English Holly – Ilex aquifolium  :  (Aquifoliaceae - Holly Family)

Height:

< 20 m

Habitat:

Garden escape, cool wooded areas

Blooms:

May–June

Notes:

Commonly cultivated for its showy fruit and moderately invasive in the wild.  It is immediately recognizable by its shiny, dark green, oval leaves with long pointed spines, 3 to 5 on each margin. The underside of the leaf is paler in color. The tree is dioecious. Male flowers are small and yellowish. Female flowers are small and white or pink-tinged. The bright red berries are, together with ivy, indelibly associated with Christmas in northern Europe.

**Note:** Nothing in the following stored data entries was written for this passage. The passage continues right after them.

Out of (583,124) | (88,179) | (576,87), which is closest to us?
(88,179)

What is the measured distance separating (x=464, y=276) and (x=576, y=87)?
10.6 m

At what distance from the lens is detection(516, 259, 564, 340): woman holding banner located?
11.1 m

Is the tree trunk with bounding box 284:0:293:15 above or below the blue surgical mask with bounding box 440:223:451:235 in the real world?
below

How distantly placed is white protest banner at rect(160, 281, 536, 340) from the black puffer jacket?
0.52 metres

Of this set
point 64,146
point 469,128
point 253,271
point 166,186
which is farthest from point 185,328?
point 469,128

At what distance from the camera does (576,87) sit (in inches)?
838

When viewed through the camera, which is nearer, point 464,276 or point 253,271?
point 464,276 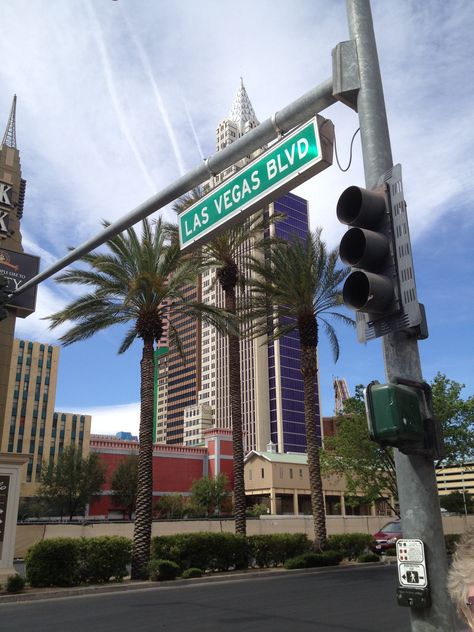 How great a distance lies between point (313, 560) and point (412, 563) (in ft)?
68.7

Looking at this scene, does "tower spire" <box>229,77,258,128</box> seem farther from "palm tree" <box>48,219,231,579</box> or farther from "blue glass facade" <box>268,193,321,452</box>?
"palm tree" <box>48,219,231,579</box>

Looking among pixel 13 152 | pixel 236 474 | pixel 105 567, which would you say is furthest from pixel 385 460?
pixel 13 152

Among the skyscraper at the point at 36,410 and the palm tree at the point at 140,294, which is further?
the skyscraper at the point at 36,410

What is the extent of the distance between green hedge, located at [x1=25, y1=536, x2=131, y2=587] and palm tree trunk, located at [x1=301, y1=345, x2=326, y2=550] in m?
8.83

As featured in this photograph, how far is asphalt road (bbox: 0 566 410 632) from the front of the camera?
35.0ft

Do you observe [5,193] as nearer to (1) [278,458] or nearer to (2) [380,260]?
(2) [380,260]

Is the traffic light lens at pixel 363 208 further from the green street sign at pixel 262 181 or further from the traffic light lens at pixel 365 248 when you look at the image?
the green street sign at pixel 262 181

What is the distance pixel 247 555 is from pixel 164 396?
6804 inches

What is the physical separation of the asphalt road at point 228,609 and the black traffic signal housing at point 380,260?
8260 mm

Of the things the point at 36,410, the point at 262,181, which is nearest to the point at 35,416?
the point at 36,410

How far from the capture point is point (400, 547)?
12.0 feet

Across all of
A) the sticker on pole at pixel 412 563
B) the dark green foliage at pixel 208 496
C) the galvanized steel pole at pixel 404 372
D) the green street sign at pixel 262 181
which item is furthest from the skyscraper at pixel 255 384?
the sticker on pole at pixel 412 563

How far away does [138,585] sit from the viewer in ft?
56.9

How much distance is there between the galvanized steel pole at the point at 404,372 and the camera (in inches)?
136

Pepper Tree – Schinus molle  :  Anacardiaceae - Sumac family

Height:

5–15 m

Habitat:

Garden escape

Blooms:

June–Aug

Notes:

A Peruvian native, this common ornamental tree has slender pinnate leaves,  Its panicles of numerous very small white flowers are followed by dry, reddish berry-like drupes.  These are the source of the spice known as pink peppercorns, which have a somewhat peppery flavor.  Other members of this family include Poison Oak (Toxicodendron diversilobum) and the cashew tree.  The tree can easily become invasive.  A related species, Brazilian Pepper Tree (Schinus terebinthifolia, not shown) is sometimes found, very similar in appearance but with shorter, broader leaves.